» GOAL OF THE EXERCISE:
Copied exactly and without pictures, the lines from the beginning of the entries through the one that holds "Cleaning up the" should form the entire reply.

(Records from a dataset)
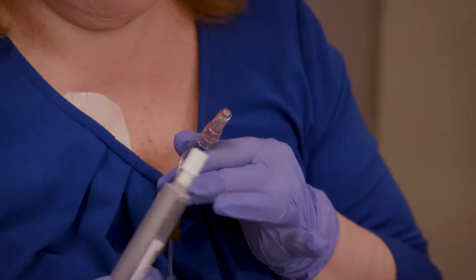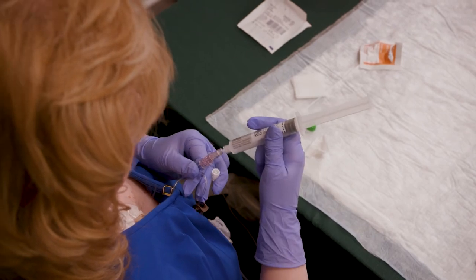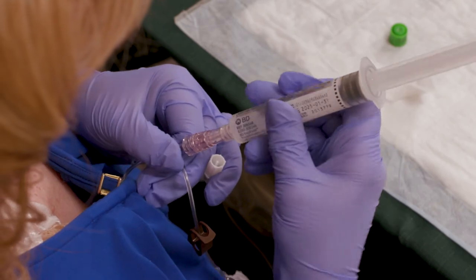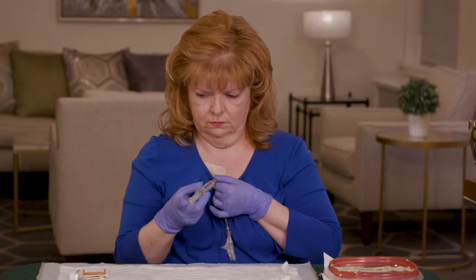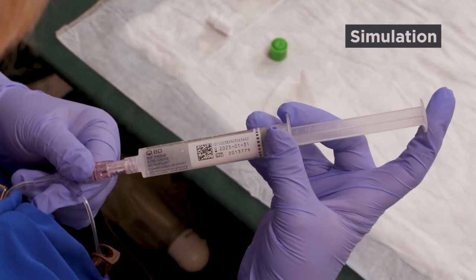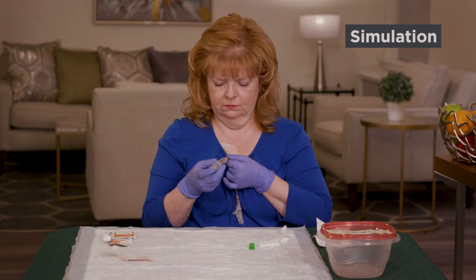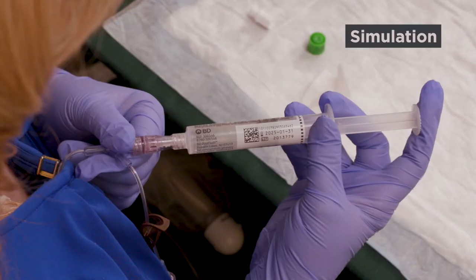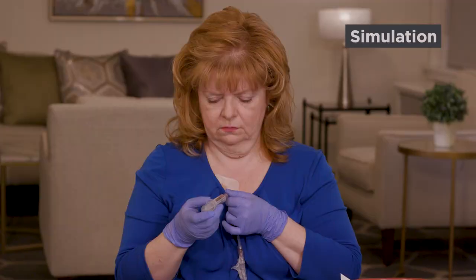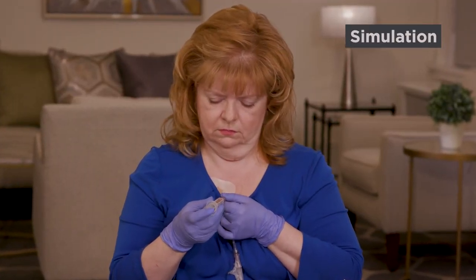Connect the syringe to the needleless connector by pushing it in and turning it to the right. Once it's connected, gently press the plunger to push about one-third of the saline from the syringe into the tubing, then pause. Push the next third into the tubing and pause again. Then push the rest of the saline into the tubing.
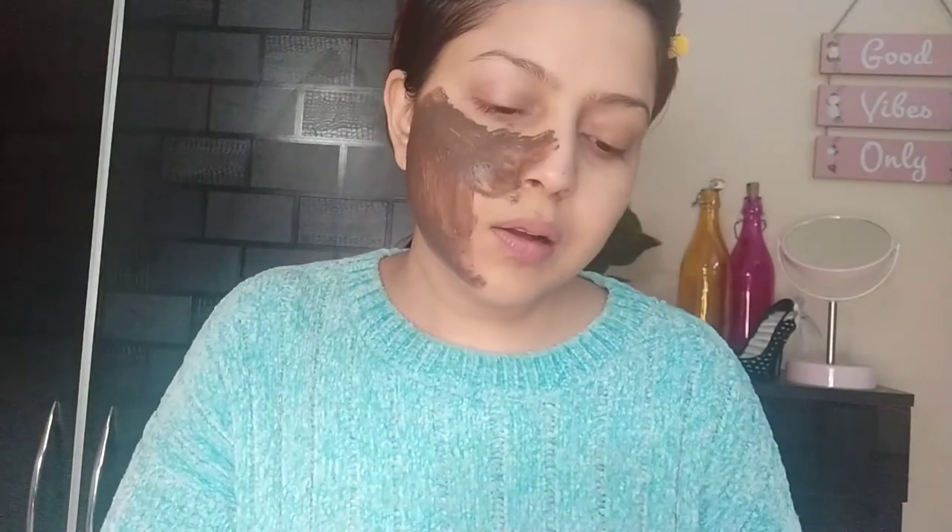I checked it out on Amazon and it's for around 540 for 100 grams, so you can grab it for yourself. The mask is just too good — it actually feels like you're using coffee on your face.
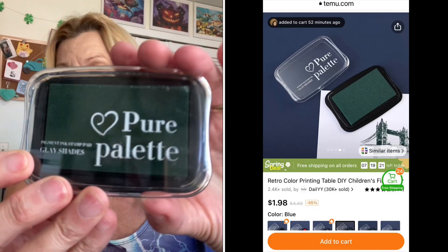Now I'm going to show you the next crafty item I got — some ink. This is by Pure Palette and it's a green color, I think it was dark green. I will do a little demonstration of that. It works very nice too, so I'll put that little demonstration right here.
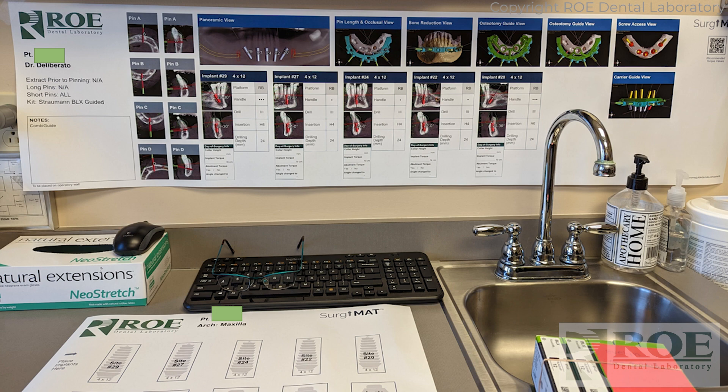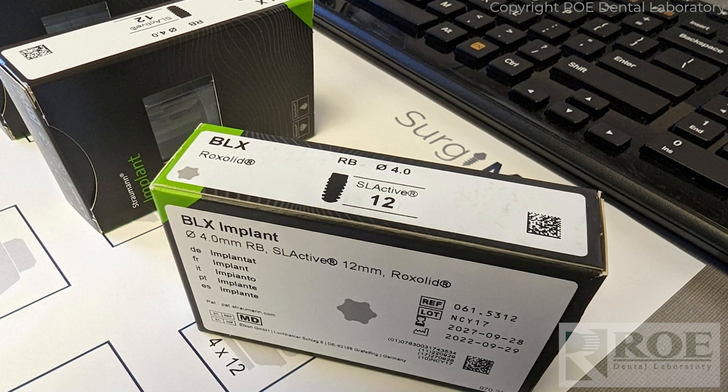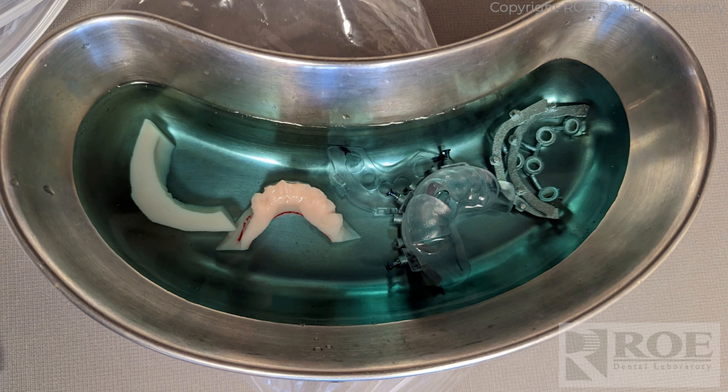The SurgyMat gives you a panoramic view and all the images of the guides and how they relate to the bone, the drilling sequence, and an area to track torque values during surgery and which pins to use. The mat part goes on the counter where you line up your implants, multi-unit abutments, temp cylinders, and the parts for surgery. In this case it was a BLX — a very aggressive implant that gives you a lot of confidence because of the initial torque it provides.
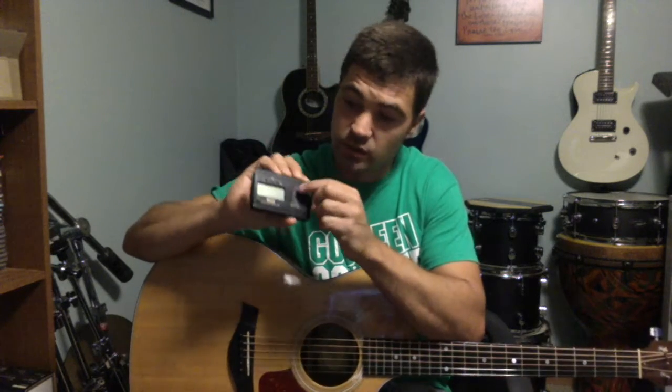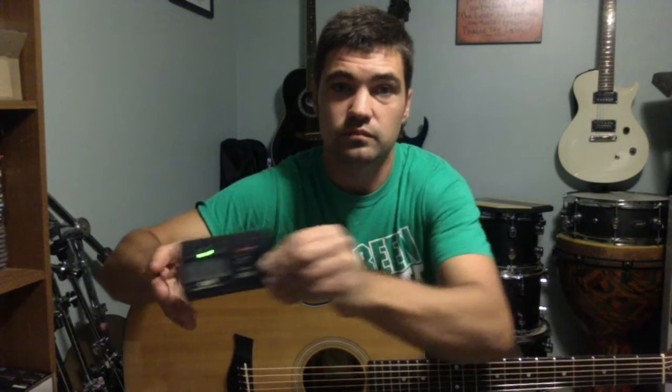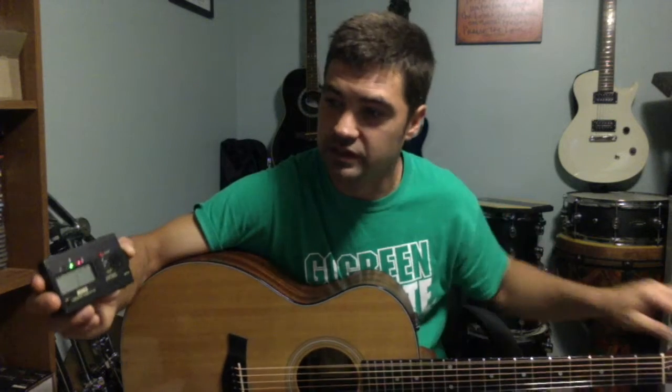So how this works is we're just gonna hit the on switch. I don't know if you can see this, but when I play that it says E up in the corner — it tells you what note you're playing. And then it's maybe just a little sharp here, so you want just the green.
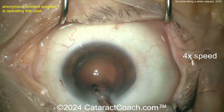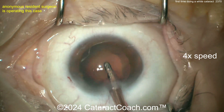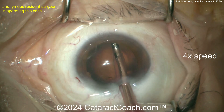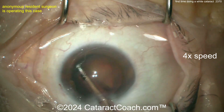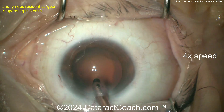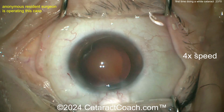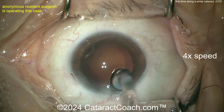Cleaning up the cortex — this resident has done a great job. How many surgeries do you think this resident has done? I'd say at least 200. Some things that gave it away: going in and out of the incision many times, and the number of grabs during capsulorhexis creation. But the things I did like: the way the nucleus was rotated, the grooves were made, the nuclear pieces were separated and brought up — the phaco technique was actually quite good.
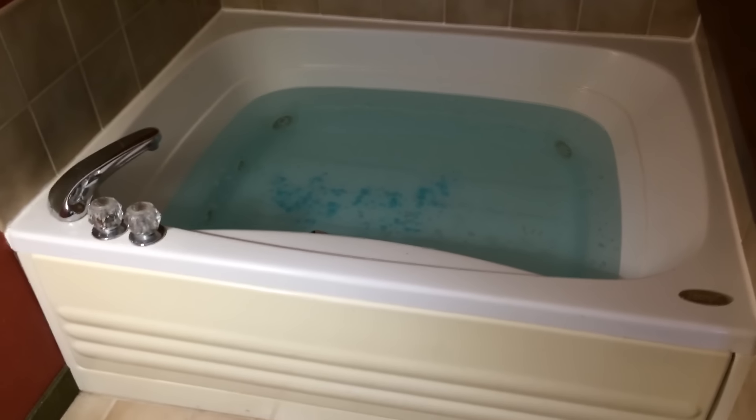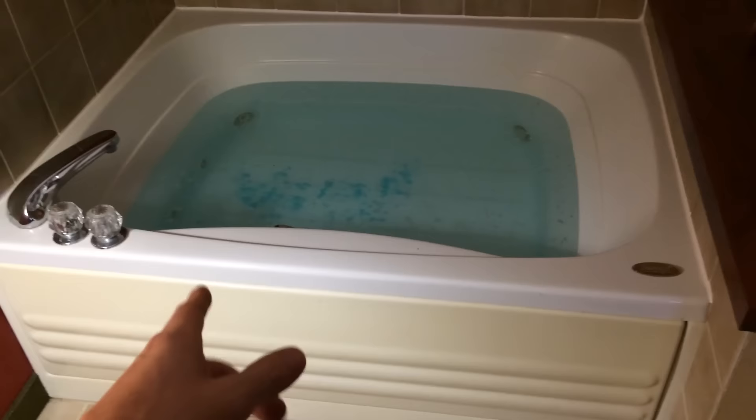This video shows how to start a jacuzzi if the push button is no longer working. You push this button, but after a while these buttons get really hard to push. They don't make hardware for these anymore, so unless you can find some pre-existing parts, you're kind of stuck with what you've got. You can see how hard that is to push.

» RESULT:
Connect the syringe to the needleless connector by pushing it in and turning it to the right. Once it's connected, gently press the plunger to push about one-third of the saline from the syringe into the tubing, then pause. Push the next third into the tubing and pause again. Then push the rest of the saline into the tubing.
I checked it out on Amazon and it's for around 540 for 100 grams, so you can grab it for yourself. The mask is just too good — it actually feels like you're using coffee on your face.
Now I'm going to show you the next crafty item I got — some ink. This is by Pure Palette and it's a green color, I think it was dark green. I will do a little demonstration of that. It works very nice too, so I'll put that little demonstration right here.
The SurgyMat gives you a panoramic view and all the images of the guides and how they relate to the bone, the drilling sequence, and an area to track torque values during surgery and which pins to use. The mat part goes on the counter where you line up your implants, multi-unit abutments, temp cylinders, and the parts for surgery. In this case it was a BLX — a very aggressive implant that gives you a lot of confidence because of the initial torque it provides.
So how this works is we're just gonna hit the on switch. I don't know if you can see this, but when I play that it says E up in the corner — it tells you what note you're playing. And then it's maybe just a little sharp here, so you want just the green.
Cleaning up the cortex — this resident has done a great job. How many surgeries do you think this resident has done? I'd say at least 200. Some things that gave it away: going in and out of the incision many times, and the number of grabs during capsulorhexis creation. But the things I did like: the way the nucleus was rotated, the grooves were made, the nuclear pieces were separated and brought up — the phaco technique was actually quite good.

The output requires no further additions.